You can play the original version of Amnesia in an emulator or find Disch’s original manuscript online. In 2021, a new version for the web was created that restores much of Disch’s cut text and offers a more modern interface. Major sources not linked inline include a 1986 interview with Disch in the magazine “Last Wave,” another interview in the 1990 book “Across the Wounded Galaxies: Interviews with Contemporary Science Fiction Writers,” and Jimmy Maher’s coverage on The Digital Antiquarian. This article debuted in a slightly modified form in the book “Total Amnesia: The Complete Text and Programming Notes of the World's Most Famous Lost Computer Game,” edited by Sarah Smith.
I bought this game at 16 or 17. My teacher, Dr. Leek, realized that I had a difficult home life (my parents were separated, then got back together, not for the better) and set a series of challenges for me to succeed in her chemistry class and in Science League, an after-school competition.

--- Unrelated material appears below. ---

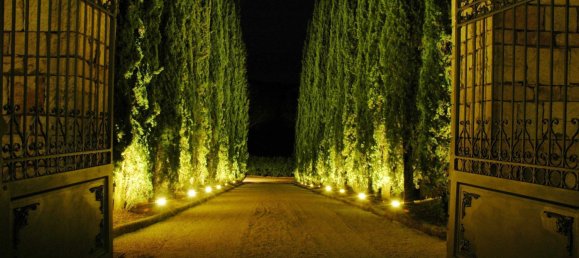 4 bedrooms Villa in Perugia, Italy No. 145545 23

When I met the goals, she loaned me the school's Apple IIe for the summer.
I saw this game and bought it. I never finished it, and I keep meaning to try it and see if I can see the ending. I didn't know about the new version, and I'll definitely try it.
As a virginal suburban kid, a lot of the subtext of Disch's work went over my head, but I still loved the idea of exploring NYC. As an adult who ended up consulting in the Big Apple for a few years, as empty as the game was, I think it set the bar a little higher than reality. The NYC of the last ten years turned out to be a bit emptier than the game, and Manhattan lost its appeal.
But what a game, even if it was a commercial failure.